Terremoto della valle del Belice, ecco il ricordo dei sopravvissuti di 55 anni fa. Il disastro è avvenuta parecchi anni or sono, la mattina del 14 gennaio 1968. Un evento sismico di magnitudo 6,4 che colpì le province di Trapani, Agrigento e Palermo. La prima forte scossa fu avvertita intorno alle 13.28 locali, con gravi danni nei paesi di Montevago, Gibellina, Salaparuta e Poggioreale. Una seconda avvenne alle 14. 15 tra Palermo Trapani e Sciacca. I movimenti tellurici si susseguirono poi fino alle prime ore della notte del 15 gennaio. Causò ingenti danni alle abitazioni e alla popolazione. Molti giornali dell’epoca riportarono addirittura di 379 morti, mille feriti e 70 mila sfollati circa. Questo terribile disastro devasto la vita di molte persone, lasciando dietro di se solo rovine. Fu uno dei più catastrofici sismi del secolo e ancora oggi viene ricordato da molte persone, che hanno subito perdite incalcolabili .

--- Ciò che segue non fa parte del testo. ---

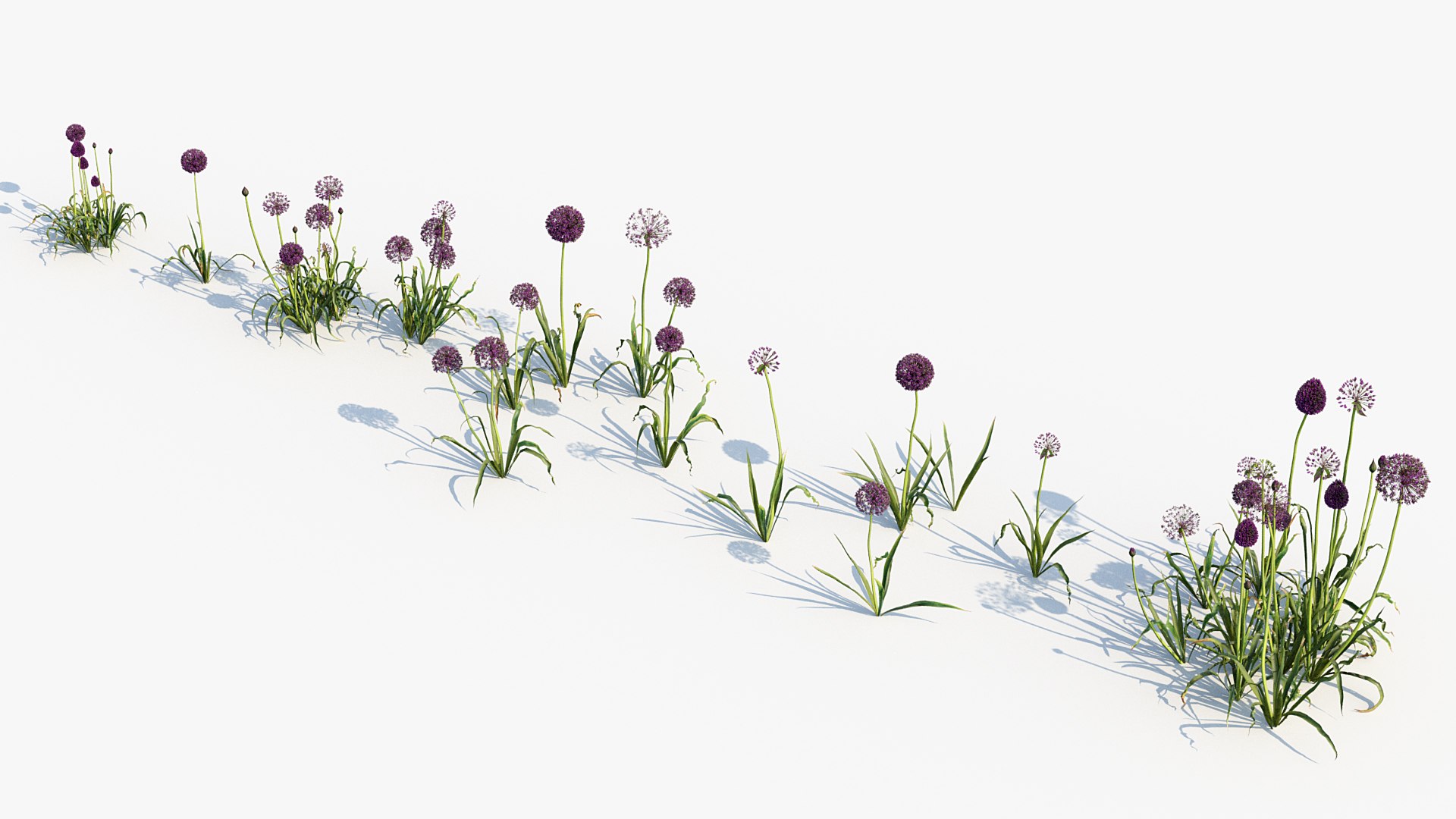 Package 05 Garden Flower Plants 3D https://p.turbosquid.com/ts-thumb/Fv/EpDM6s/di/bc_pm_p05_allium_hollandicum_05/jpg/1705578074/1920x1080/fit_q87/e2b56a584920745446951f1403bc91a377b0a45f/bc_pm_p05_allium_hollandicum_05.jpg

Terremoto della valle del Belice: le pulsanti città siciliane

Era domenica a Calatafimi e il consigliere Pietro Nocito, stava partecipando ad un comizio politico. E mentre ” irretiva”le masse bacchettando l’inefficienza del consiglio comunale dell’epoca. Il fervente politico urlava alla massa: ” Calatafimi svegliati” e la terra cominciò a tremare tra lo stupore e il terrore dei suoi concittadini. I partecipanti a quell’incontro politico ancora oggi sobbalzano, quando alla mente ripensano a quel giorno. E quella fu solo la prima delle violenti scosse, che intercorsero su tutta la valle del Belice. Oggi coloro che non sono morti o che hanno perso i loro cari durante questo ” cataclisma” non possono fare a meno di soffrire. Calatafimi fu solo una delle piccole località colpite dal violento disastro. In quel preciso momento presso le amministrazioni comunali limitrofe si stavano svolgendo le elezioni quinquennali per il rinnovo dei comuni. Una domenica come tante, con il tipico freddo pungente invernale e con un timido sole, che spuntava leggermente dalle ridenti vallate e montagne. La neve imbiancava le cime più alte indicando agli abitanti lo svolgersi della “cattiva” stagione. Si sarebbe detta una mattina qualsiasi di un qualunque week end siciliano e invece è accaduta una tragedia di proporzioni storiche.

Racconto della strage

A Gibellina, si stava svolgendo il ballottaggio delle elezioni, che si erano indette il 22 novembre addietro. I seggi erano aperti sin dalla mattina. Bella Gibellina, ridente cittadina Sicana, caratterizzata da un gruppo di case seminate a ridosso della Valle , come Salaparuta, anche lei investita dal grande freddo invernale. Poco distante da Santa Ninfa e Partanna ancora ignare della devastazione, che sta per invaderle e “sventrarle”.In altri comuni del Belice, invece si respirava aria di festa. La chiesa locale tutta agghindata per onorare il santo padronale lontano dal gruppo di case del Borgo e tutt’intorno, nessuno presagisce la fine degli agglomerati limitrofi. All’improvviso le fenditure si aprono nel terreno e qualcuno sente anche puzza di gas. Si avverte la scossa ed è subito un fuggi ,fuggi generale. Dopo mezz’ora, un’altro scossone. Le case divengono inagibili tutto cambia repentinamente. Le certezze della popolazione si sgretolano in un sol colpo. La luce è andata via e si scappa anche in pigiama, raccogliendo tutto quello che è possibile. La notte che dovrebbe portare consiglio, è invece caratterizzata da un continuo vociare e urla di persone terrorizzate. Le genti si ammassano, e c’è chi cerca di fare un falò per riscaldarsi. Tutti pregano. Tante sono le ave maria e i padre nostro recitati, la paura c’è ed è tangibile. I primi soccorsi giugono troppo tardi, alcune strade sono disagevoli e le abitazioni non raggiungibili. Ancora oggi quando si passa da questi luoghi si ha la sensazione che tutto non sia finito. Le donne al solo pensiero piangono ancora. Commemorano i loro figli piccoli tra le macerie e i loro cari. Il dolore è visibile anche adesso.